Relation to tinyspec

This is a fork of tinyspec, which was an experiment in trying to make the smallest useful FFT synthesizer. This version adds live-coding support via cling, among many other handy features, and at this point it barely resembles the original tinyspec project. Cling is quite large and only officially supports a few distros (but probably works elsewhere), so if you don't want to use it, you can still use this repo to compile your hacks into a standalone executable, without live-coding support.

Setup (easy)

The easiest way to get tinyspec up and running is by using Docker. See the docker directory for details.

Setup (advanced)

More adventurous users can install tinyspec-cling natively for improved latency and flexibility.

Prereqs

Download an appropriate cling package from https://root.cern.ch/download/cling/ and extract it to a directory called cling_bin.

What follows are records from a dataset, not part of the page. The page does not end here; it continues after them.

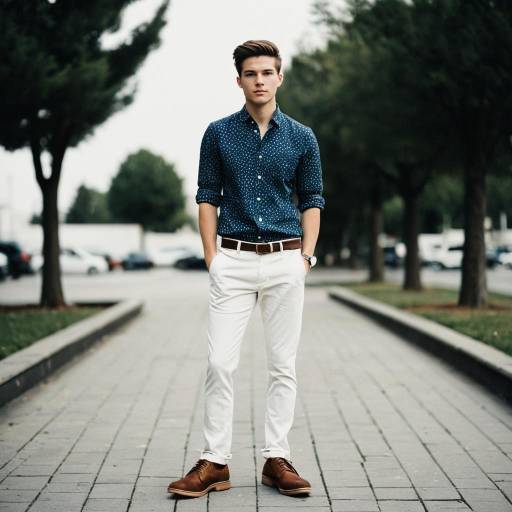 Young Man in Casual Fashion Outfit Outdoors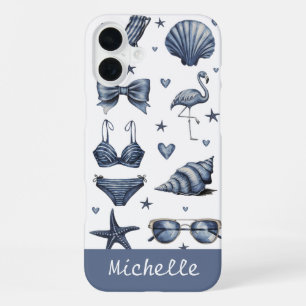 Coque iPhone 16 Plus aquarelle Thème de voyage d'été personnalisé Plage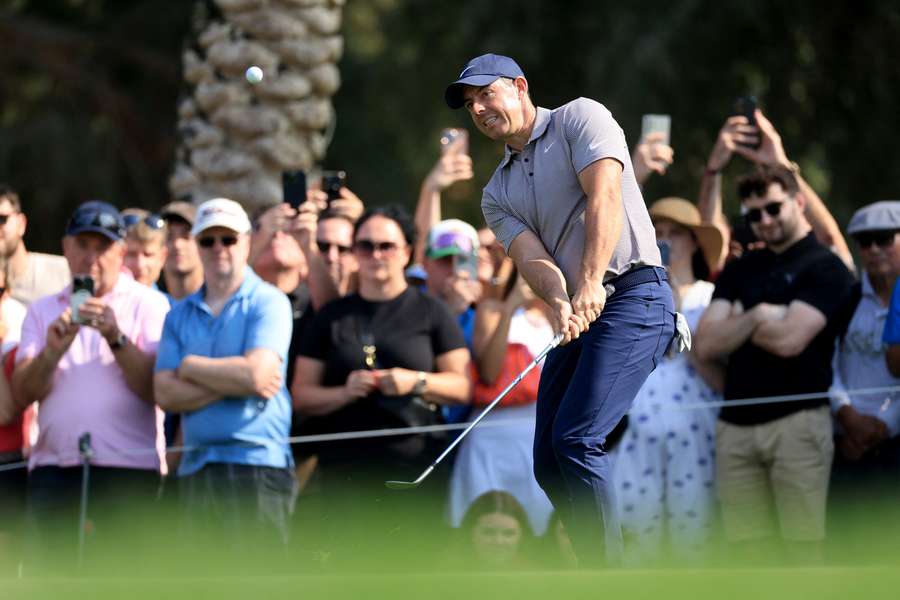 Rory McIlroy of Northern Ireland plays his second shot on the 17th hole during the third round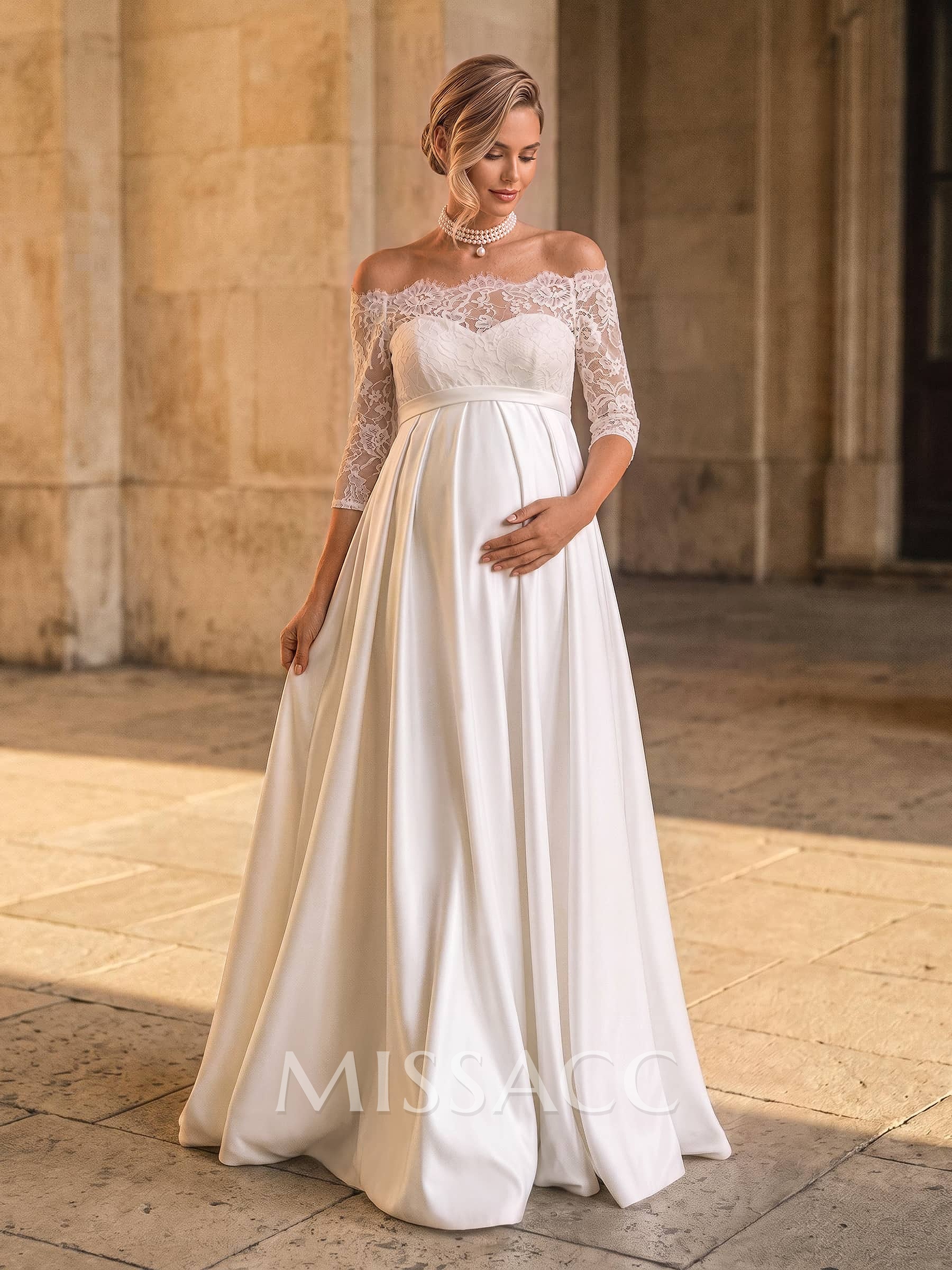 A-Line Off-The-Shoulder 3/4 Sleeves Floor-Length Lace/Satin Maternity Wedding Dresses With Bow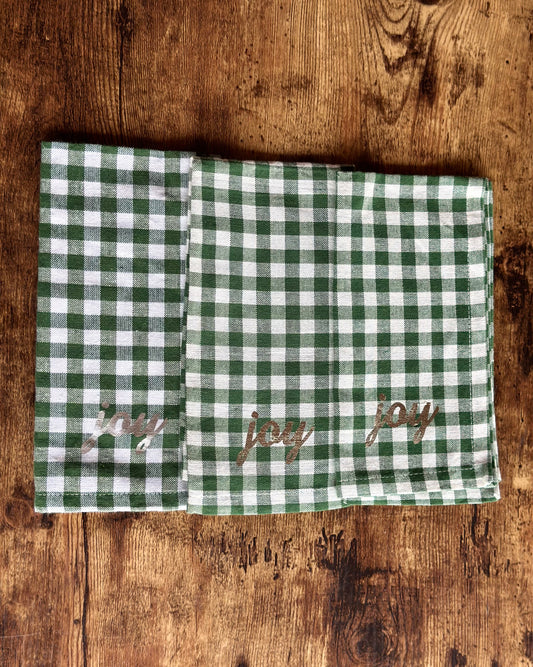 NA-SE-004 Servilletas Cuadros Verdes, Letrero Joy x 8 Navidad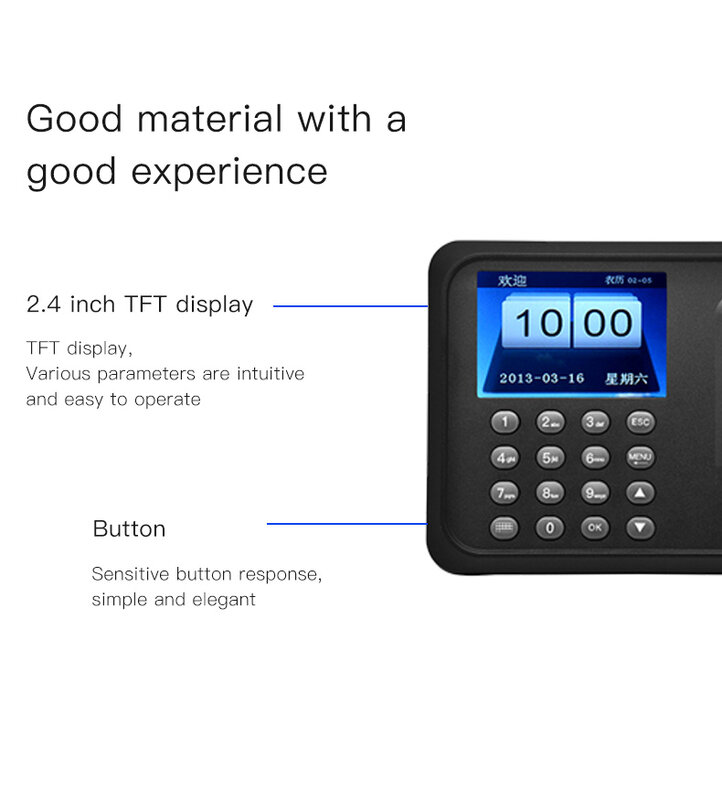 A6 Attendance Machine Password+Fingerprint Multi-language Sign-in Recognition Punch-in Equipment Intelligent Report Generation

This official download page is occasionally inaccessible, so I also mirror a few builds on Google Drive here. (If you're using Arch, the Ubuntu 20.04 package gives some warnings but basically seems to work.) This step is not necessary if you don't want to use the live-coding support.

You will also need JACK Audio Connection Kit for audio output, and FFTW3 for synthesis.

On ubuntu you can install prereqs with

# apt-get install git clang libc6-dev binutils jackd2 libjack-jackd2-dev libfftw3-dev libzip-dev

JACK requires some configuration to get running, which can be quite significant depending on your setup. There are many tutorials online to help you get it set up.

Running without live-coding support

This is the easiest way to get started and doesn't require a functioning cling installation.

$ ./compile --no-cling hacks/readme.cpp

This compiles and runs an executable called hacks/.readme.cpp.out. The hacks directory contains more examples you can try.

Live-coding mode

Running the application in live coding mode starts a server which listens for code written to a named pipe. You can start as many servers as you want and route their inputs/outputs using JACK. To do this, see hacks/connect.cpp for examples of how you can make your program automatically connect inputs/outputs. Alternatively you can use a JACK GUI such as Catia.

First, compile tinyspec by running ./compile.

Now, to run the server do:

$ ./tinyspec /tmp/ts-cmd

Here /tmp/ts-cmd is the pipe to create for executing code from. If you run multiple instances they must have unique pipe files. If all goes well you should see

Playing...

There may be some warnings from cling, which may or may not be safe to ignore. If you think a cling warning is causing problems for you, please open an issue here. You won't hear anything yet because we haven't sent the server any code to execute.

Executing code

Currently the below is a bit clunky/user unfriendly. A fancy new WebUI is coming soon!

The tools/send program can be invoked on the command line to execute code on the server. It takes the path to the server's command pipe as an argument.

For example try

$ ./send /tmp/ts-cmd
cout << "Hello World!" << endl;
^D

It should be easy to set up your editor to invoke send with the current selection or block. For example, the following vim commands map F2 to execute the current paragraph of code.

:map <F2> mcVip::w<Home>silent <End> !tools/send /tmp/ts-cmd<CR>`c
:imap <F2> <Esc>mcVip::w<Home>silent <End> !tools/send /tmp/ts-cmd<CR>`ca

Check out docs/vscode.txt for a basic method of using tinyspec with vscode.

If you configure another editor, please contribute it here so other users can benefit!

API

Currently this project is lacking API documentation, but it has a number of examples in the hacks directory which you can study. API docs coming soon!

Project structure

rtinc stores header files accessible by user code. rtlib stores the respective implementations. Both directories contain a root.hpp file which is included by default.